ASSIGNMENT
An unchanged copy of each entry below is needed; keep the pictures out of it.

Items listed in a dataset
•••

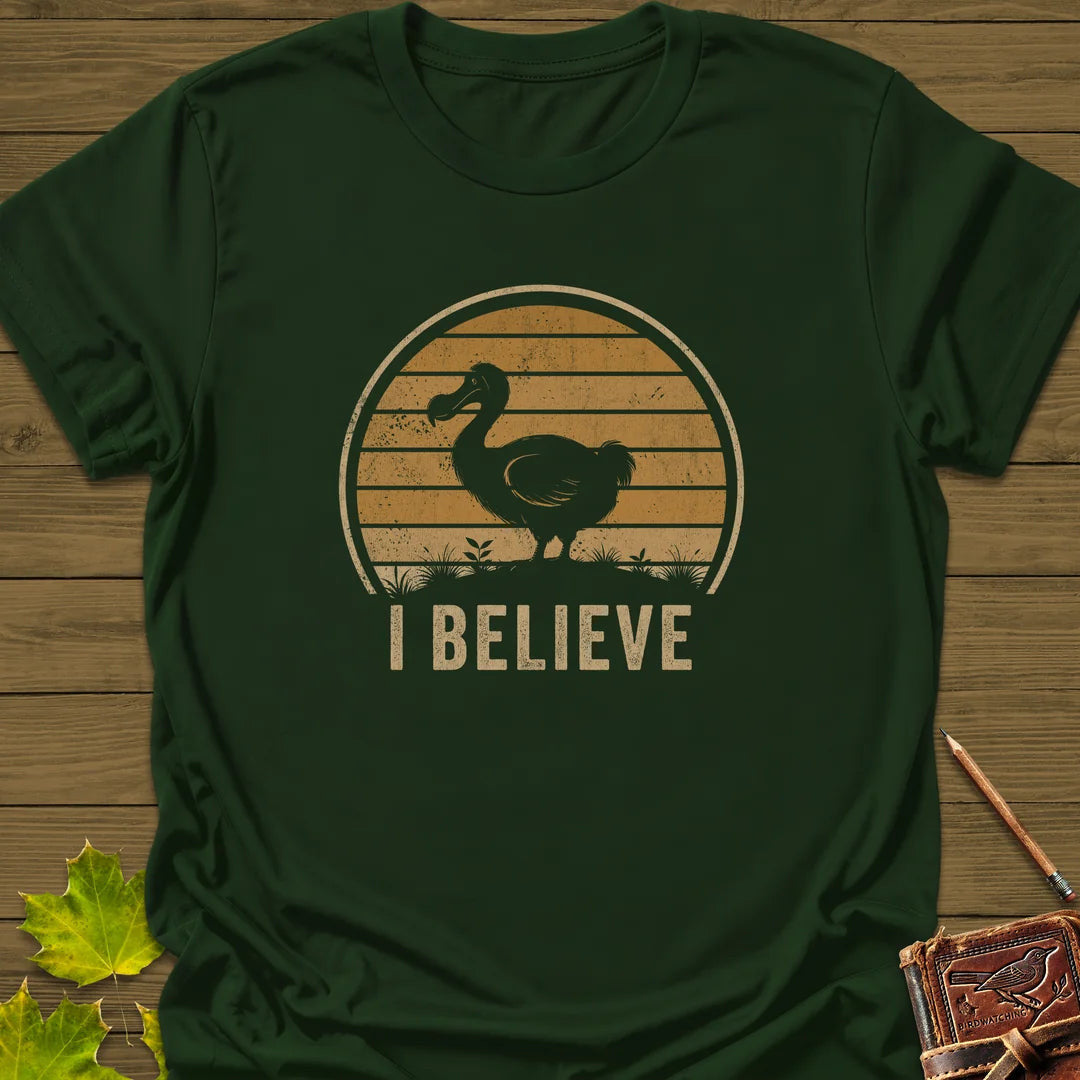 I Believe Dodo T-Shirt - Bird Graphic Tee - Gift for Bird Lovers - Unisex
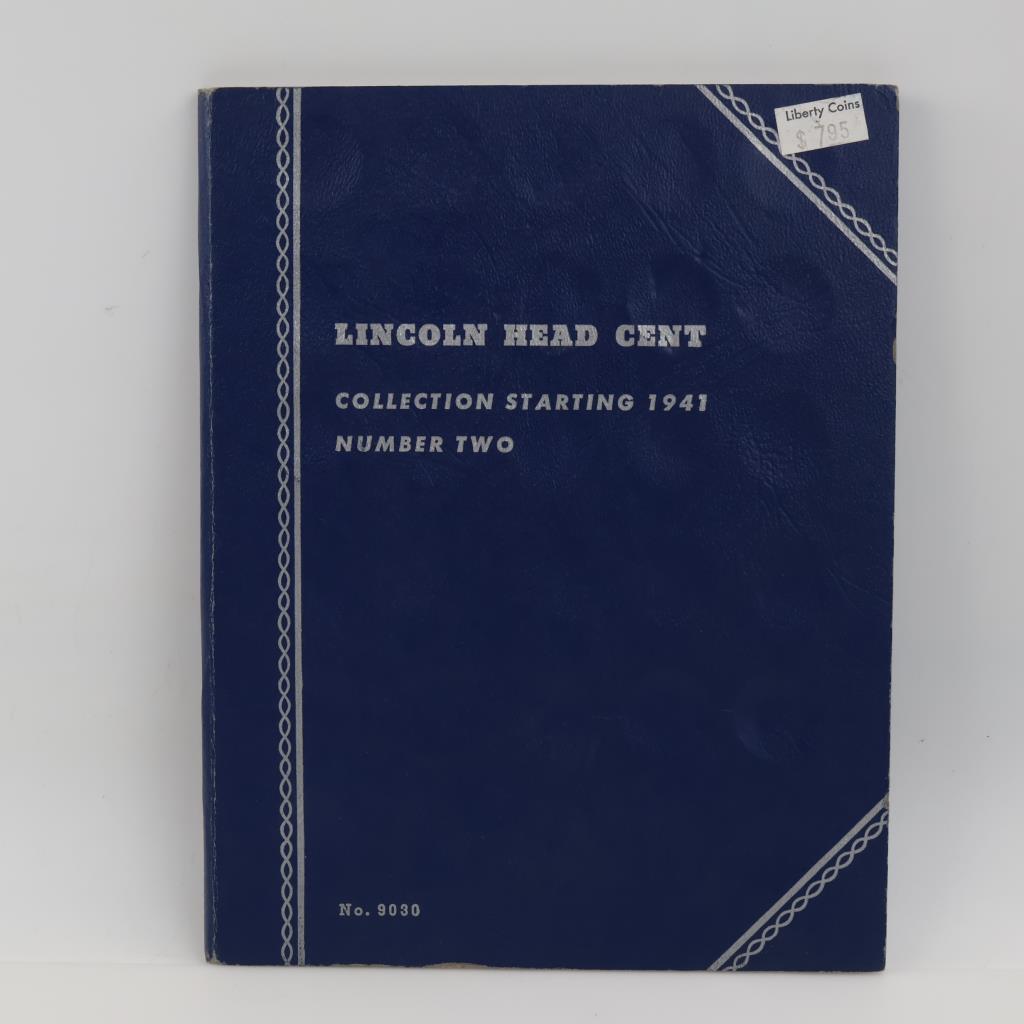 US Lincoln Head Cent Collection Booklet And Pennies, 45+ Pieces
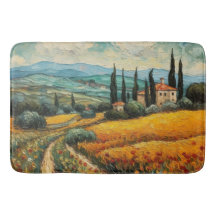 Goldene Toskana-Wildblumen-Landschaft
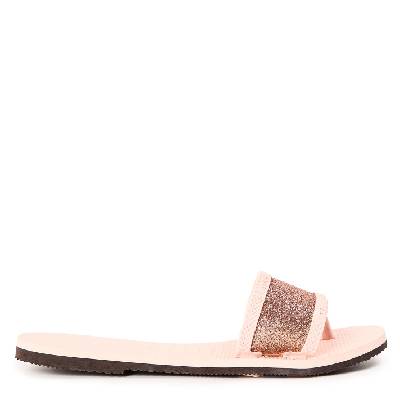 Джапанки Havaianas Women's Angra Glitter Ballet Rose Flip Flops - Allet Rose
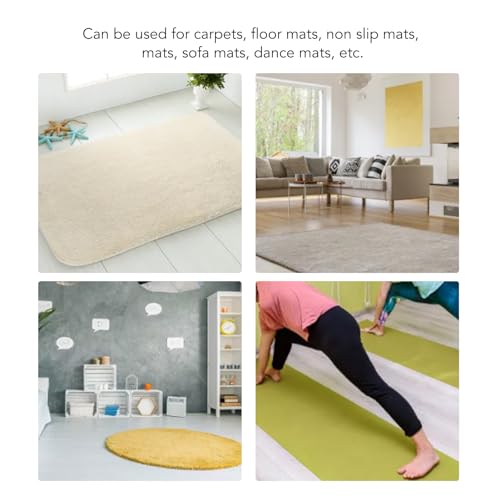 12 peças de aderência de tapete para pisos de azulejo, poliuretano impermeável, lavável, removível,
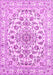 Machine Washable Persian Pink Traditional Rug, wshtr2777pnk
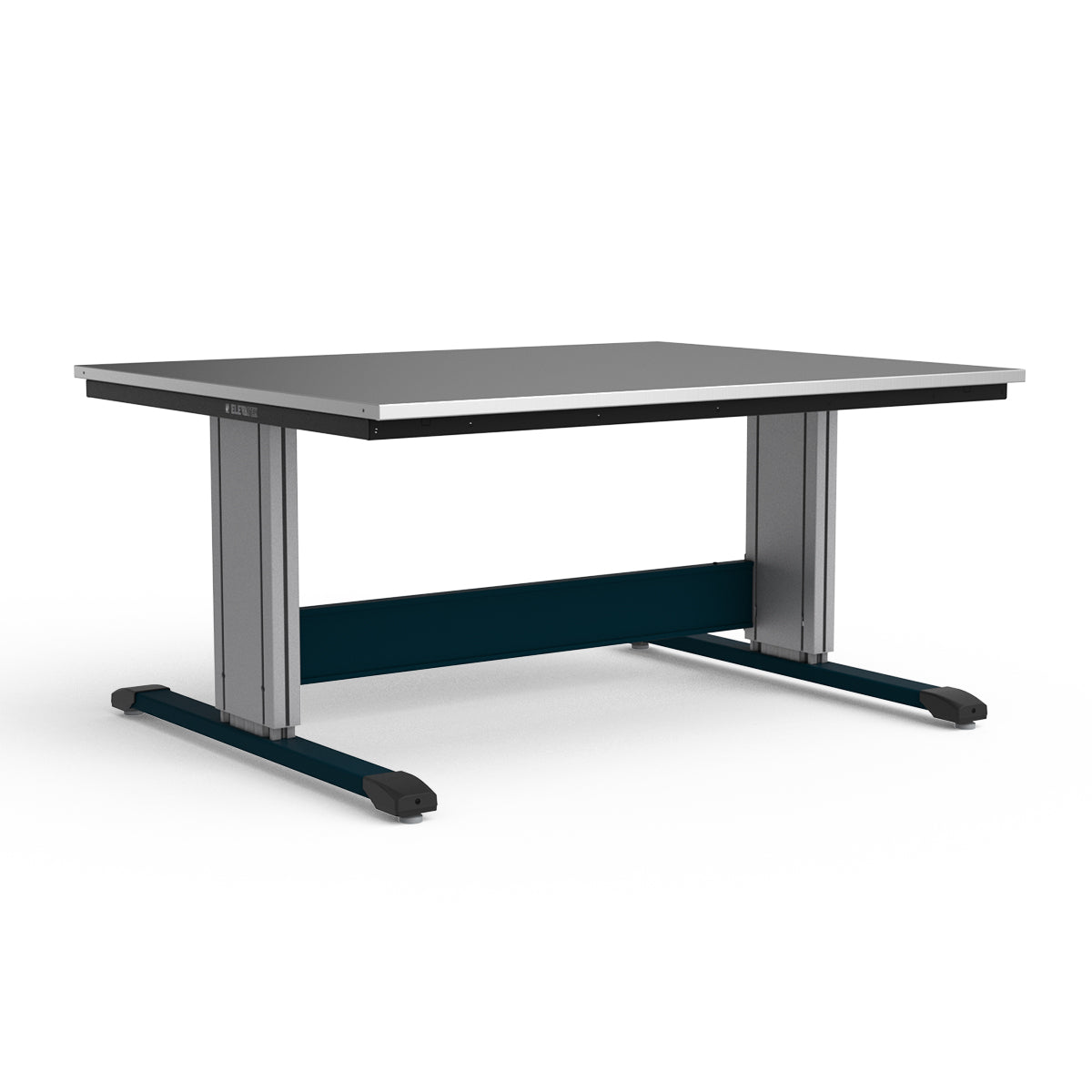 Adjustable Height Workbench - Stainless Steel Top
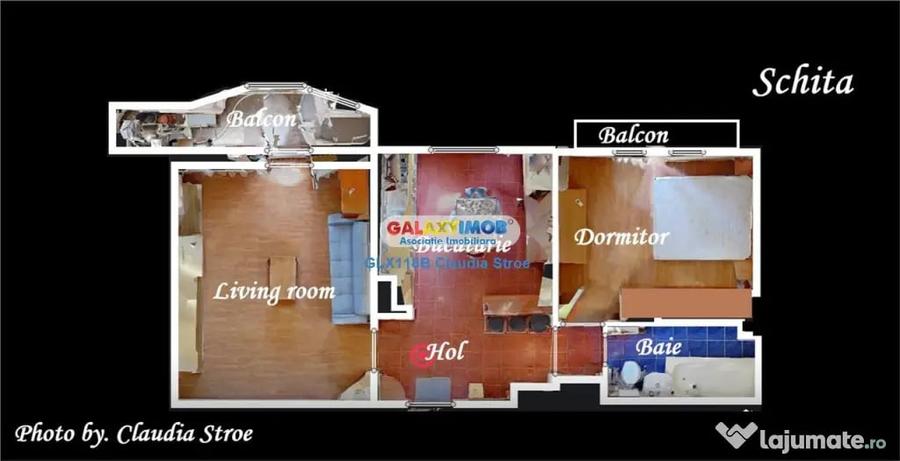 Apartament cu 2 camere decomandat în Eroii Revoluției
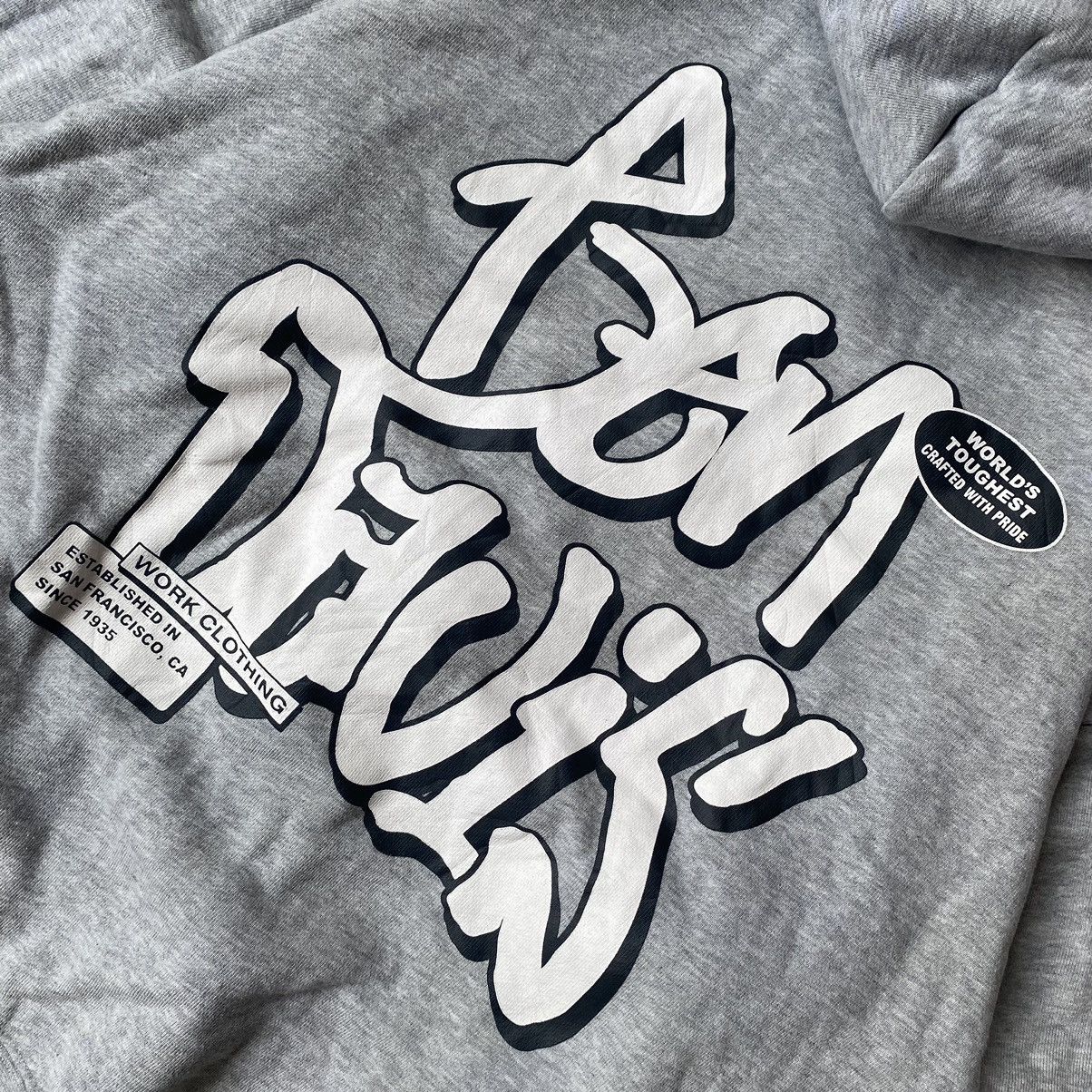 Ben Davis Ben Davis Grafity Backhit Zipper Hoodie Size US L / EU 52-54 / 3 - 3 Thumbnail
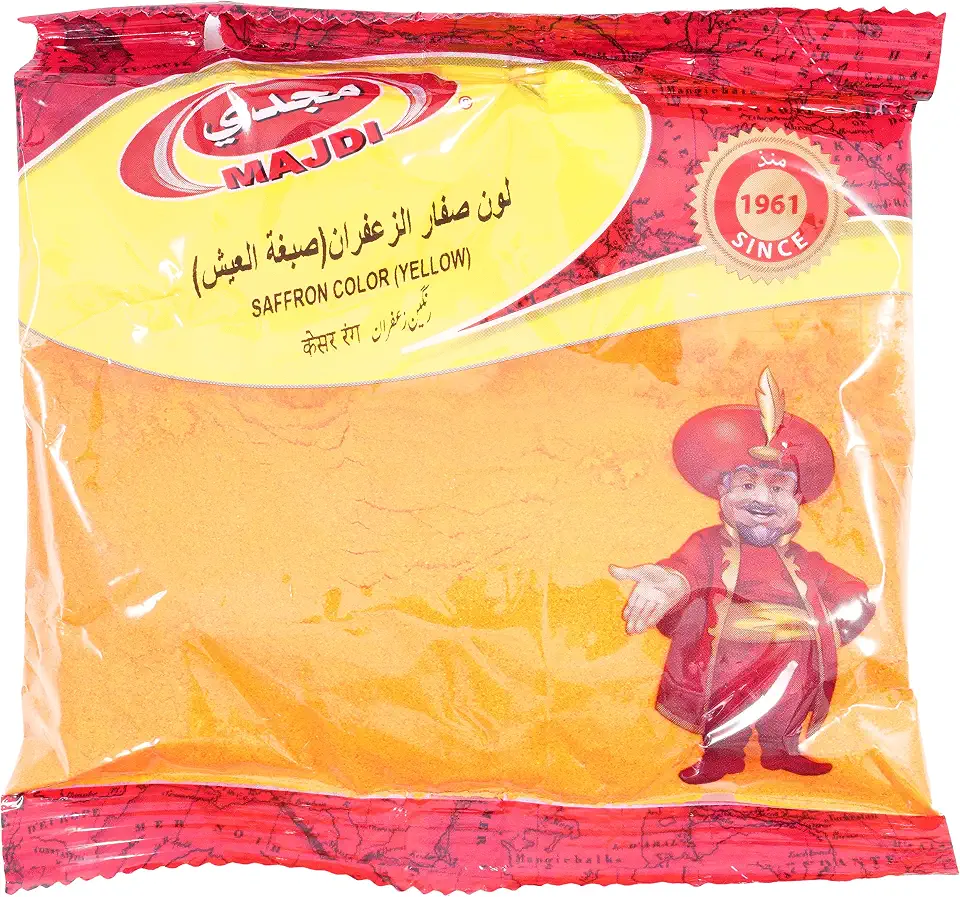 Majdi Saffron Colour Yellow, 100 gm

•••

EXERCISE ANSWER
 I Believe Dodo T-Shirt - Bird Graphic Tee - Gift for Bird Lovers - Unisex
 US Lincoln Head Cent Collection Booklet And Pennies, 45+ Pieces
 Goldene Toskana-Wildblumen-Landschaft
 Джапанки Havaianas Women's Angra Glitter Ballet Rose Flip Flops - Allet Rose
 12 peças de aderência de tapete para pisos de azulejo, poliuretano impermeável, lavável, removível,
 Machine Washable Persian Pink Traditional Rug, wshtr2777pnk
 Adjustable Height Workbench - Stainless Steel Top
 Apartament cu 2 camere decomandat în Eroii Revoluției
 Ben Davis Ben Davis Grafity Backhit Zipper Hoodie Size US L / EU 52-54 / 3 - 3 Thumbnail
 Majdi Saffron Colour Yellow, 100 gm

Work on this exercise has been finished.